The power of connections: unlocking the Web of data

Welcome to our project blog, just set up today. Lots more to come, but here’s a news item Jane Stevenson from Mimas has written to get us going:

Mimas and UKOLN are working together on an exciting JISC funded project to make our Archives Hub and Copac data available as structured Linked Data, for the benefit of education and research. We will also be working in partnership with Eduserv, Talis and OCLC, leading experts within their fields. We want to put archival and bibliographic data at the heart of the Linked Data Web, enabling new links to be made between diverse content sources and enabling the free and flexible exploration of data so that researchers can make new connections between subjects, people, organisations and places to reveal more about our history and society.

Linked Data uses the RDF data model to identify concepts and to describe relationships between those concepts. It promotes the idea of a Web of data rather than a Web of documents. The more document-centric approach, based on Web pages, does not readily expose data within the text in a way that applications can process, so the wealth of information within a page is of limited value.  Both the Archives Hub and Copac have so much rich data within them, and with Linked Data it can be brought to the fore by structuring concepts within the data it in a way that identifies them and facilitates linking to them.  Data can be combined in a way that results in new correlations, new perspectives and new discoveries.

http://www.flickr.com/photos/reedsturtevant/4288406572/

http://www.flickr.com/photos/reedsturtevant/4288406572/

Mimas is keen to explore new ways to open up data for the benefit our users. Providing bibliographic and archive data as Linked Data enables links with other data sources and creates new channels into the data. Researchers are more likely to discover sources that may materially affect their research outcomes.  It means that we can give researchers the potential to combine data sources for themselves, so that we do not need to predict the use of the data.

We know that researchers using the Hub or Copac are sometimes looking for a particular piece of information, such as a photograph of a library, or the birth date of a writer, or the location of an event. Linked Data can be valuable here because it helps to pin down concepts. If a researcher is looking for a photograph of John Rylands Library in Manchester, for example, Linked Data can clarify the concepts – a photograph, the library, ‘John Rylands’ as the name of a library, ‘John Rylands’ as a Victorian philanthropist, ‘Manchester’ as a place in England. It enables us to link across to other sources that can provide further information about these concepts. If a researcher is gathering information around a subject area, they can benefit from the linking concept and explore the Web much more fully because the data is no longer held within silos.

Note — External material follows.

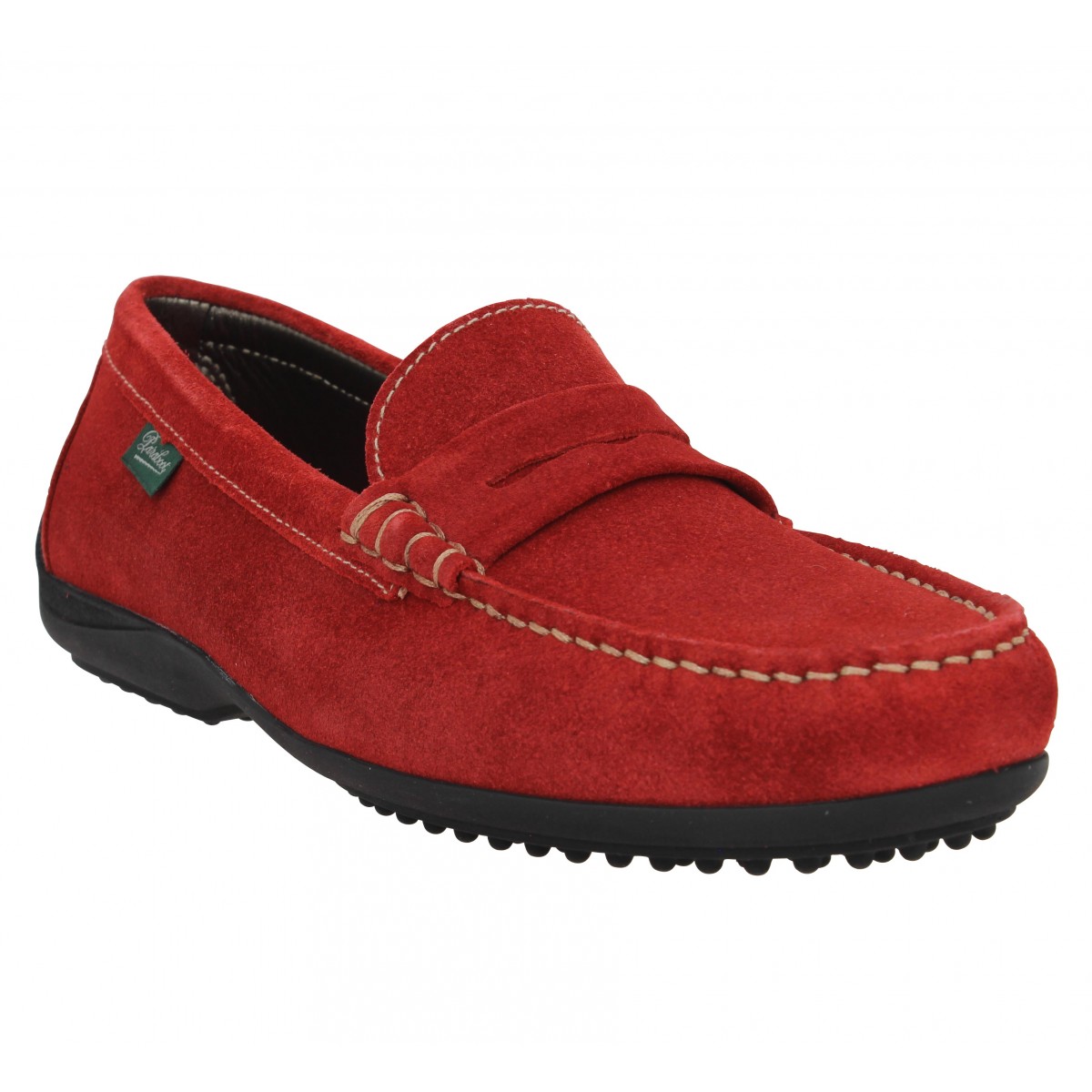 Mocassins PARABOOT Corvette velours Femme Rouge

Archive data is by its nature incomplete and often potentially valuable sources are difficult to identify.  Bibliographic data is vast and it can be difficult to make useful connections. Researchers frequently search laterally through the descriptions, giving them a way to make serendipitous discoveries. Linked Data could potentially vastly expand the benefits of lateral search, helping users discover contextually related materials. Creating links just between cultural heritage collections can bring great benefits – archives, artifacts and published works relating to the same people, organisations, places and subjects are often widely dispersed. By bringing these together intellectually, new discoveries can be made about the life and work of an individual or the circumstances surrounding important historical events. New connections, new relationships, new ideas about our history and society. Put this together with other data sources, such as special collections, multimedia repositories and geographic information systems, and the opportunities for discovery are significantly increased.  A Linked Data approach offers potential to overcome differences in methodologies and standards for description and access which can hinder meaningful cross-searching and interlinking of related content.

Linked Data can enable researchers and teachers to repurpose data for their own specific use. It provides flexibility for people to create their own pathways through Archives Hub and Copac data alongside other data sources. Developers will be able to provide applications and visualisations tailored to the needs of researchers, learning environments, institutional and project goals.

This project, named LOCAH (Linked Open Copac and Archives Hub), is exploratory and real world applications of Linked Data are still in the early stages. Whilst the benefits could be extensive, we know that there are challenges, and in particular concerns about the resources required to create Linked Data and the availability of tools to make use of it. A number of key data sources are now available as Linked Data, such as BBC data, Wikipedia and Government datasets. In addition, developers are busy creating tools to make the data easy to query and process.  By getting involved in this creating Linked Data, we can explore the benefits and pitfalls in exposing archival and bibliographic data in this way. This is a project that enables us to contribute to a global effort to unlock the enormous potential within our data for the benefit of researchers and society as a whole.